There's a worrisome secret we all know about communicating on the Internet. We just won't admit it, even to ourselves.
Online communication between humans simply doesn't work.
Hear me out here. How many of you have had the experience of having an online "enemy" of some sort who turned out to be totally different when you met him in person? That you actually began communicating with and even liked?
"Flame wars" are now a part of the culture. Early on in the history of the Web, an apartment complex was wired with what amounted to a complex-wide message board. In no time things degenerated to the point where the police were being called to settle disputes.
Online communication has the highest noise level, in communications terms, of any medium short of CB radio, or so it seems. Having an intelligent conversation is always a case of getting around the off-topic content. It has always been that way, back to the early days of the Usenet newsgroups.

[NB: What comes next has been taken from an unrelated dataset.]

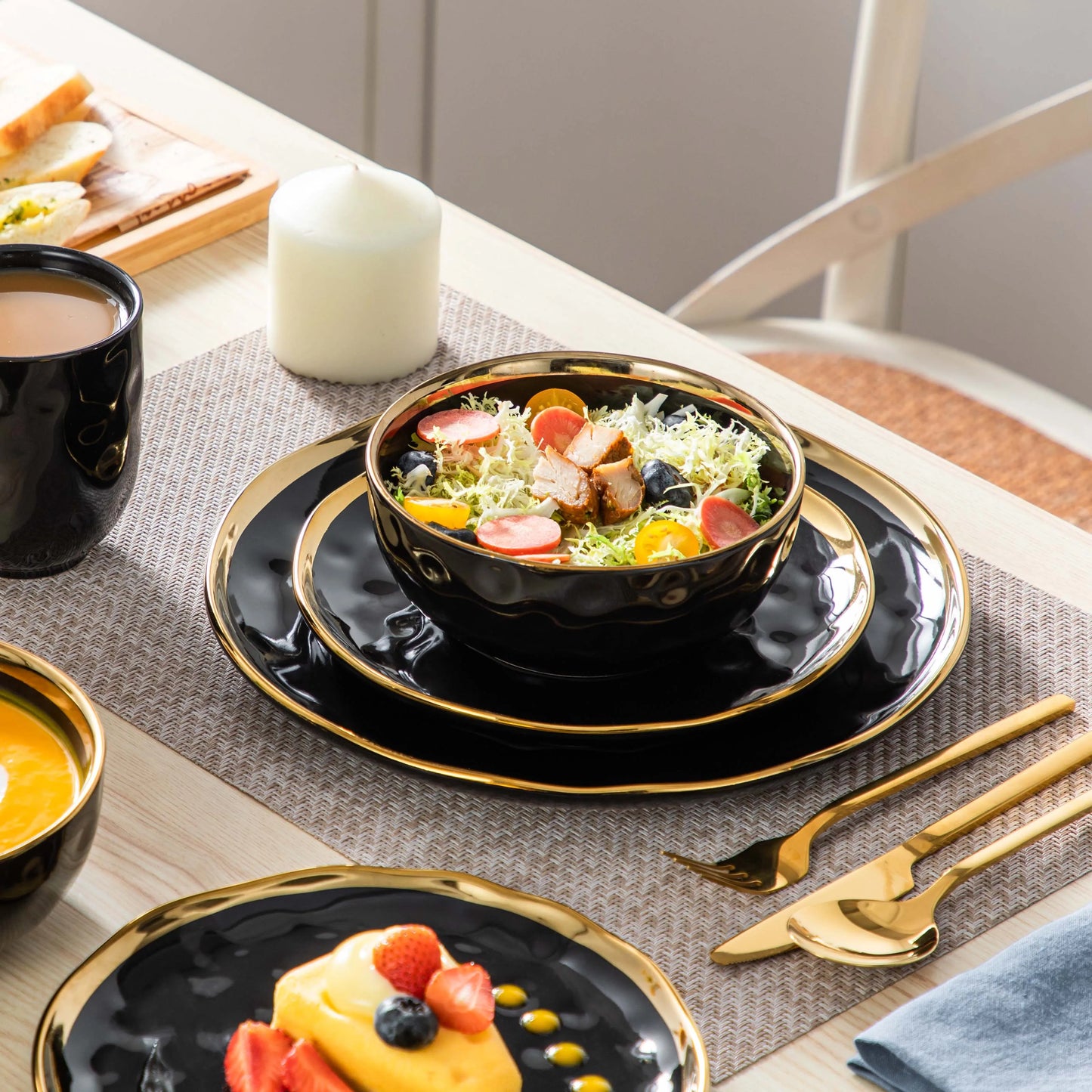 MALACASA Porcelain Dinnerware Set For Everyday Dining And Entertaining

I am really glad we have the Internet. I love the power it gives us all. But we really need to recognize this very basic boulder in the middle of our electronic highway: the Internet is the equivalent of the poor Babel fish (apologies to Douglas Adams). Paraphrasing Adams, by removing all roadblocks to communications the poor Internet has been responsible for more and louder misunderstandings than anything else in the history of the Universe.
One need look no further than the brushfire between The New Republic and DailyKos to see the communications problems. Heaven forbid these people should all sit down in a room and talk.
The medium's very immediacy is its menace. People can go from a flash of anger to adrenaline in their bloodstream to typing fingers to some flaming message board comment so fast, they don't have time to think it through. Everything is a first draft.
What do we do about it? Not a clue. But we need to always keep it in mind, and we ought to recognize that we have created - out of thin air - a brand-new and very significant source of misunderstanding between us all.